This illustration depicts the way our implementation of RDF histogramming makes use of the memory hierarchy of the GPU to store geometric (sel1 and sel2) and histogram data. Main memory (off-GPU) is shaded red. Constant memory and the constant cache are shaded dark and light green respectively. Global and shared memory are shaded dark and light blue respectively. The number of atoms or histogram bins stored at each level of memory is marked on each piece of memory.
We handle sel2 differently, but the goal is the same—to minimize accesses to slow off-chip device memory. Before building the histograms, sel2 is loaded in its entirety into global memory, the slow device memory space which on all but the most recent GPU devices is not associated with a cache. Rather than relying on a cache, the atoms in sel2 are divided into tiles which are loaded into fast on-chip shared memory. Data in a shared memory can be accessed close to the speed of registers so long as there are no bank conflicts. Shared memory bank conflicts are trivially avoided in our implementation. Each tile contains Nblock atoms, where Nblock is a parameter defining the number of threads in a thread block.
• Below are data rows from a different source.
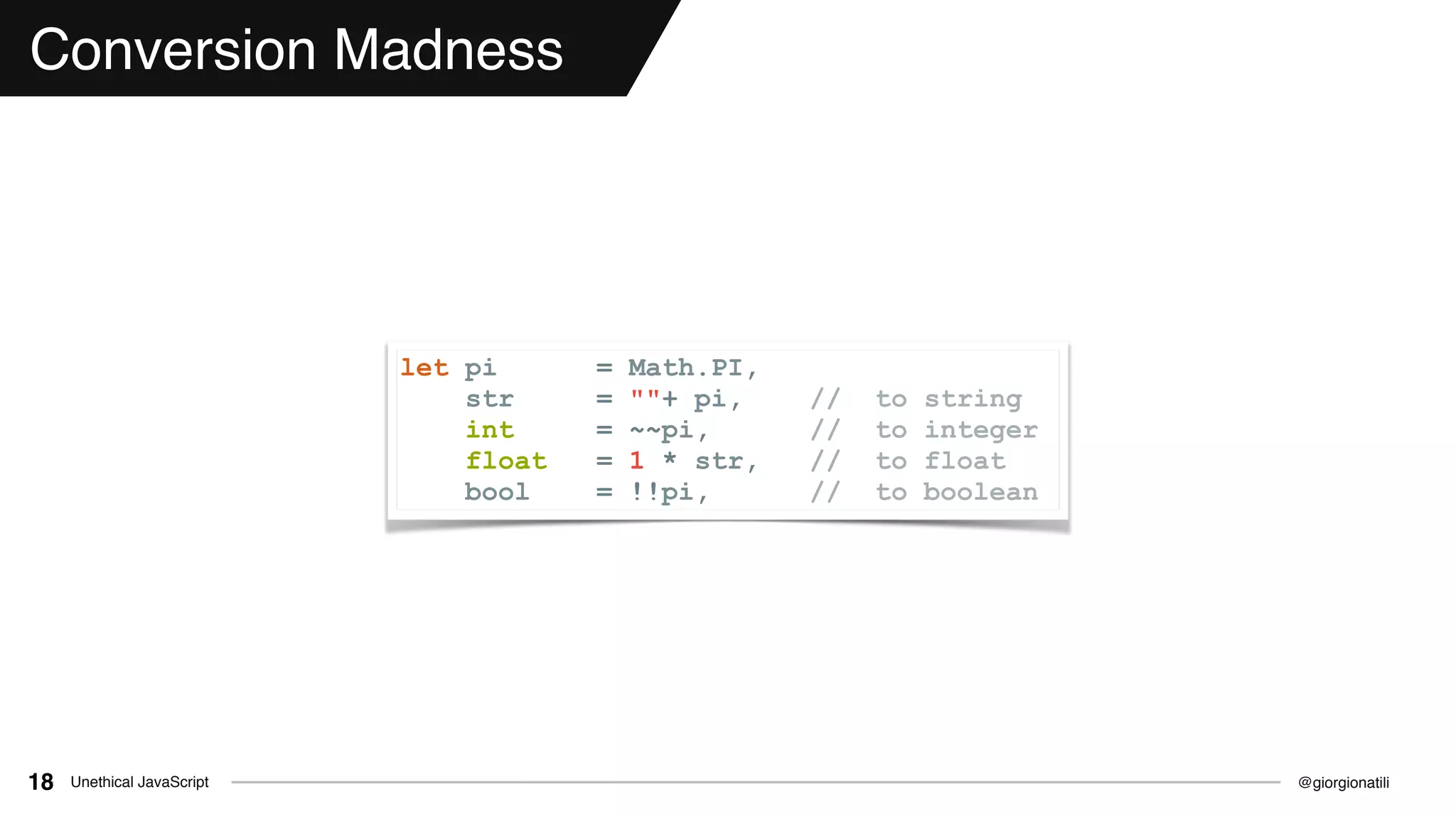 @giorgionatiliUnethical JavaScript18
Conversion Madness
let pi = Math.PI,
str = ""+ pi, // to string
int = ~~pi, // to integer
float = 1 * str, // to float
bool = !!pi, // to boolean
For each such tile the algorithm will loop over all Nconst elements in the current tile of sel1. Thus, NconstNblock atom pairs can be processed after only a single load operation from global memory for sel2.
A second, higher, level of tiling is also used for sel2. This second tiling scheme is not intended to improve performance, but instead to avoid integer overflow of histogram bins when a large number of atoms (over 60,000 in the current implementation) are present. These larger tiles are termed overflow tiles in Fig. 1. The size of the overflow tiles is selected such that a bin will not overflow even if all atom pairs in the selection fall into the same bin. It is important to note that these overflow tiles do not reflect a separate location in memory, but are reflected in the loop structure of the code. The possibility of a histogram bin overflow is eliminated by processing only a single overflow tile at a time.
Because histogram data is accessed at each iteration it is also advantageous to store it in fast on-chip memory. Thus each histogram bin is stored in shared memory as a 32-bit unsigned integer. The limited shared memory capacity and large number of processor cores make it impossible for each thread to maintain its own instance of the histogram, as was described above for the parallel CPU implementation. Instead, a hybrid approach is employed where groups of threads cooperatively operate on shared histogram instances, and the histogram instances produced by different groups are summed at the end of the calculation to produce the final result. In addition, it is only possible to store a segment of Nbin histogram bins in shared memory at one time. If a histogram larger than Nbin is requested by the user, multiple passes over all atom pairs are done to build the histogram Nbin at a time, using a gather approach.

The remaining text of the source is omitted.